On Tuesday, senior U.S. intelligence officials said the entry of Russia's military into Syria last year had made it more likely that Assad would remain in power. While the U.S. military campaign is not directed against the Syrian leader, Western officials agree that Syria will remain dangerously unstable until he leaves office.

The expectation of difficult campaigns in Iraq and Syria makes it unlikely that Obama will be able to claim success against the Islamic State before he leaves office next year.

In Iraq, local forces have recaptured the western city of Ramadi, but political squabbles and ongoing weaknesses in the country’s army have put prospects for a full recovery of occupied territory well into the future.

Lt. Gen. Vincent R. Stewart, head of the U.S. Defense Intelligence Agency, said this week that he did not expect Mosul to be retaken within the next year.

McGurk said it was too soon to provide a timeline for recapturing the northern city but said that Iraqi officials are laying the groundwork for an incremental offensive. “Mosul will not be a D-Day-like assault,” he said.
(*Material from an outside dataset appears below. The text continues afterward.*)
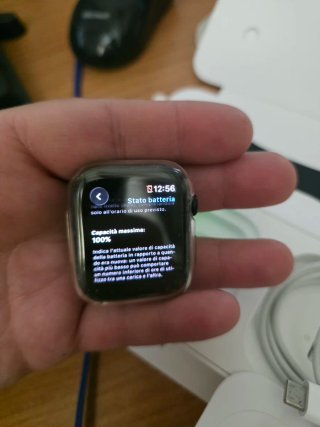 Apple Watch SE 2022 44mm. Stato batteria 100%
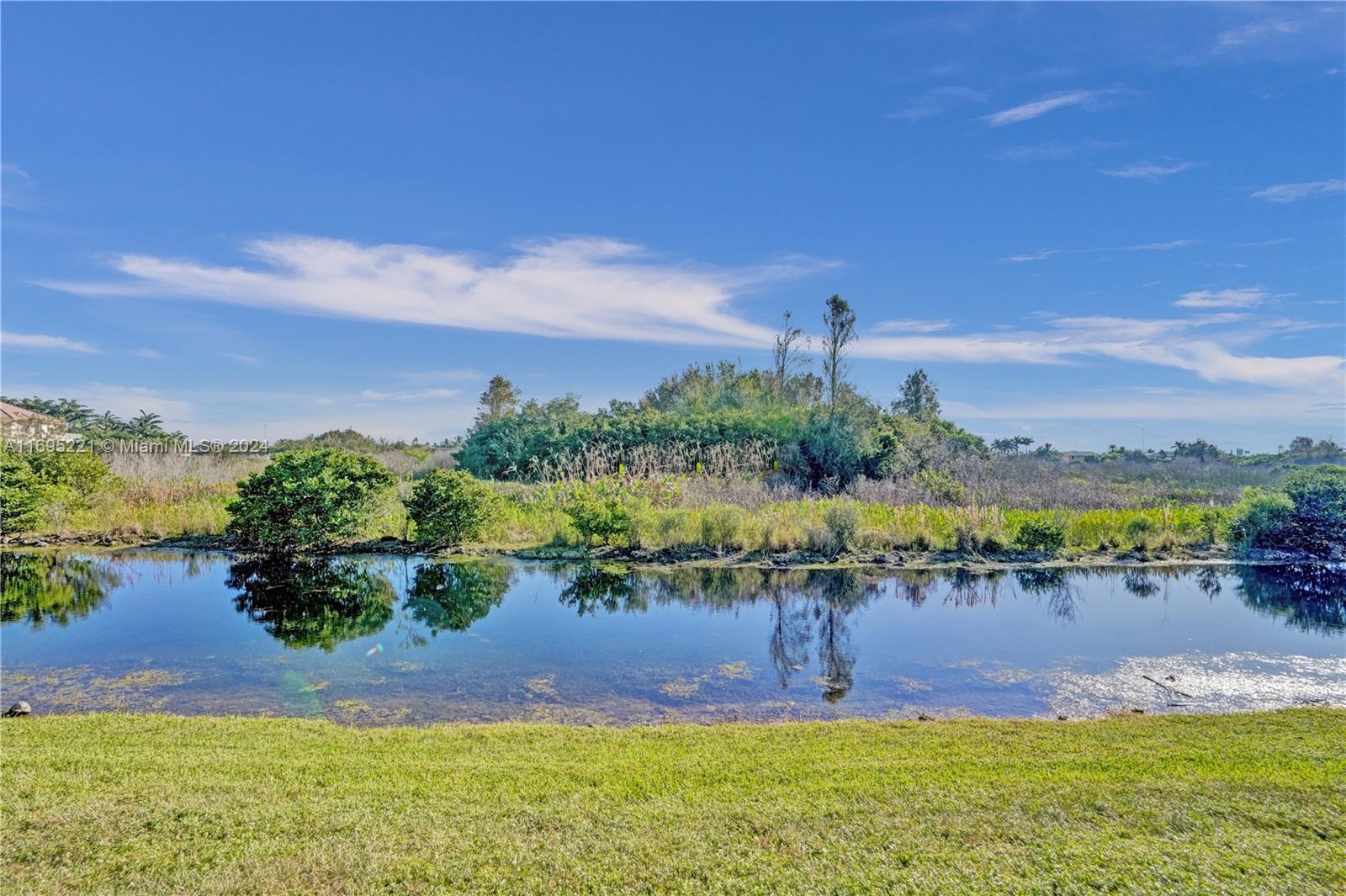 RESERVE AT HUNTINGTON 174 - Residential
The praise for Turkey’s border security comes at a time of heightened tensions with Ankara, which summoned the U.S. ambassador in Turkey for a dressing-down this week because of U.S. support for Syrian Kurds, fighters Ankara sees as terrorists.

On Wednesday, President Recep Tayyip Erdogan lashed out at U.S. backing for Kurds in Syria, now an important pillar of the American strategy there. He said it had created a "sea of blood" on Turkey's doorstep.

Lawmakers in both parties called for an intensification of the Obama administration’s effort against the Islamic State. Foreign Affairs Committee Chairman Edward R. Royce (R-Calif.) called the overall U.S. response to Syria “downright shameful.”

Rep. Eliot L. Engel (D-N.Y.), the committee’s ranking Democrat, said, “Sometimes . . . it seems as if we’re only halfheartedly going after ISIS and halfheartedly helping the Free Syria Army and others on the ground.”

McGurk also described the Obama administration's effort to get a handle on the spread of the Islamic State in vulnerable countries from Africa to South Asia. Of the eight groups the Obama administration considers official Islamic State affiliates, McGurk said, the group's Libyan branch is the most worrying.

The United States conducted an airstrike in November against an Iraqi militant believed to be the top Islamic State leader in Libya. But it has held off on additional actions since then, partly out of concern that foreign intervention could upset a U.N. effort to broker a new unity government there.

McGurk said the Pentagon, the State Department and intelligence agencies are working on options to assist a future unity government once it is established.